ST. PARIS – Efforts to craft the profile for the next Graham superintendent are underway, with a large amount of community and stakeholder input already received, superintendent search firm officials say.
Graham Local Schools is seeking a superintendent after the resignation of former superintendent Norm Glismann, who became the superintendent at Tecumseh Local Schools. The Graham school board hired Interim Superintendent Matt Curtis in the summer for the school year, and hired K-12 Business Consulting to conduct the superintendent search. As part of that contract, the firm circulated a survey seeking input from all community members, staff, teachers and students on what they would like to see from the next superintendent.
K-12 held meetings with various groups – community members, teachers, students, staff, administrators, athletic boosters, parents and others – to get input for the “superintendent profile” the group will create for the school board, K-12 Search Consultant Debbie Campbell said. K-12 held two community meetings this month, including one Monday, to seek input. Though both community meetings were lightly attended, the separate group meetings had dozens of people in each of them. K-12 received about a one-inch-thick collection of profile surveys from all those groups. Survey forms can be found on Graham’s website (www.grahamlocalschools.org) and returned to the school district by Dec. 4.
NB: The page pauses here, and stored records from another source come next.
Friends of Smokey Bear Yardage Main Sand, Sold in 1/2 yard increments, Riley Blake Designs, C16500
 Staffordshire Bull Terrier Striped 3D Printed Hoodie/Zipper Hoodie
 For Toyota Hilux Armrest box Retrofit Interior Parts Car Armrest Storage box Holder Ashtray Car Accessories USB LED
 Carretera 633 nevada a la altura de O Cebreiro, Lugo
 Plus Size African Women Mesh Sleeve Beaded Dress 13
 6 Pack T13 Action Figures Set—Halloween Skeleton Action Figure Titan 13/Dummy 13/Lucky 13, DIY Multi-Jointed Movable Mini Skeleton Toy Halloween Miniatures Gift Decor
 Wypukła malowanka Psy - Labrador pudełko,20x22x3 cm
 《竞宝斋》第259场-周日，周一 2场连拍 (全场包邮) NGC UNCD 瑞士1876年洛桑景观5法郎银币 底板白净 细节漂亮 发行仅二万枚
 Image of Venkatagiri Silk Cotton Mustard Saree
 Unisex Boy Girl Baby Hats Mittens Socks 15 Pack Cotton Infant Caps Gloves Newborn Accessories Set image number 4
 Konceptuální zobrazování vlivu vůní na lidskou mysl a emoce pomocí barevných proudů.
The surveys ask for opinions on Graham’s strengths and needs and on qualities the next superintendent should have.
Responses have indicated the community wants someone visible in the community and schools, with an “open door policy.” Respondents have indicated community support is important in the Graham school district, and the district has great facilities and caring teacher. Respondents also noted that some difficulties Graham has faced include tight budgets, which brought a reduction in programs for students. Respondents also expressed concern about the school district’s state report card grades.
“We are hearing these things in (the other) meetings,” Campbell told the two attendees at the Monday community meeting.
Once all responses are in, K-12 will compile that data and create the superintendent profile for the school board. The profile helps the school board craft interview questions and determine which candidates it wants to interview. K-12 researches candidates and will encourage individuals that fit the profile to apply, one way the firm is different from other search firms, Campbell said.
The board is expected to approve the profile at its Dec. 14 meeting.
Once the profile is approved, the superintendent job posting will go up Dec. 16 and include links to the community-generated profile for the ideal candidate for the district, Campbell said. The application period will close Jan. 29; there will be two rounds of candidate interviews in February. The hope is to have the school board hire its new superintendent in March and that the superintendent will start Aug. 1, 2016.